Details
Description
Ocasionally, I get the following panic in the gremlin-go driver:
10:22:39.895 <successfully added a vertex to janusgraph> 10:22:44.487 panic: runtime error: invalid memory address or nil pointer dereference 10:22:44.487 [signal SIGSEGV: segmentation violation code=0x1 addr=0x78 pc=0x11fdd16] 10:22:44.487 10:22:44.487 goroutine 275 [running]: 10:22:44.487 github.com/apache/tinkerpop/gremlin-go/v3/driver.(*gremlinServerWSProtocol).responseHandler(0xc0006be6c0, 0xc0001dfc60, {{0x9, 0xf6, 0x33, 0x7f, 0x19, 0x16, 0x4e, 0xc9, ...}, ...}) 10:22:44.487 /go/pkg/mod/github.com/apache/tinkerpop/gremlin-go/v3@v3.7.1/driver/protocol.go:116 +0x7d6 10:22:44.487 github.com/apache/tinkerpop/gremlin-go/v3/driver.(*gremlinServerWSProtocol).readLoop(0xc0006be6c0, 0xc0001dfc60, 0xc0001dfca0) 10:22:44.487 /go/pkg/mod/github.com/apache/tinkerpop/gremlin-go/v3@v3.7.1/driver/protocol.go:82 +0x272 10:22:44.487 created by github.com/apache/tinkerpop/gremlin-go/v3/driver.newGremlinServerWSProtocol in goroutine 272 10:22:44.487 /go/pkg/mod/github.com/apache/tinkerpop/gremlin-go/v3@v3.7.1/driver/protocol.go:197 +0x23a
I can't reliably reproduce, it's never happened locally.
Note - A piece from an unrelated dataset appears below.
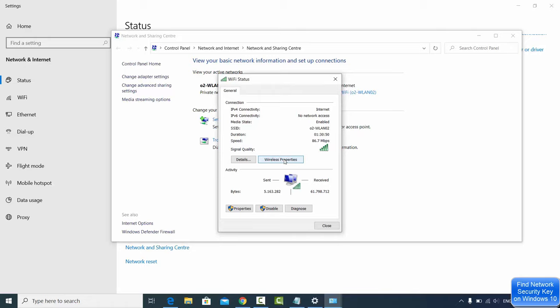Then go to the Wireless Properties button, so just click on Wireless Properties button here.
It's occurred just after doing some work in the logs above, but it's also happened after a period of doing nothing.
First glance looks like it's a nil being returned from the `resultSets` synchronizedMap, something getting in and removing it, which should only happen when the `channelResultSet` itself is closed? Seems like a race condition to me.
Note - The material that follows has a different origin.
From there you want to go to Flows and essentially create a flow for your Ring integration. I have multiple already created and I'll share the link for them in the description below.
I think the sensible way to handle this, if it is what I suspect (I've no proof yet), would be to
- Store a reference to the ResultSet when first loading it in responseHandler
- Make `channelResultSet` discard modifications after close OR
- responseHandler needs to aquire the `channelMutex` somehow for the duration of modifications (I think I prefer this, it's more obvious to what's happening)
I did try and get the project tests to run, but it's been years since I've had to use maven and I can't seem to find a good idiots guide to working with the project from a non java POV - I need to know how to build the docker images the tests require. If someone could help me get started I'd be more than happy to contribute a PR (although given the nature, a reliable test may be hard to write).
As it stands, I'm probably going to modify my fork and mod replace, see if a fix would actually work in my deployments.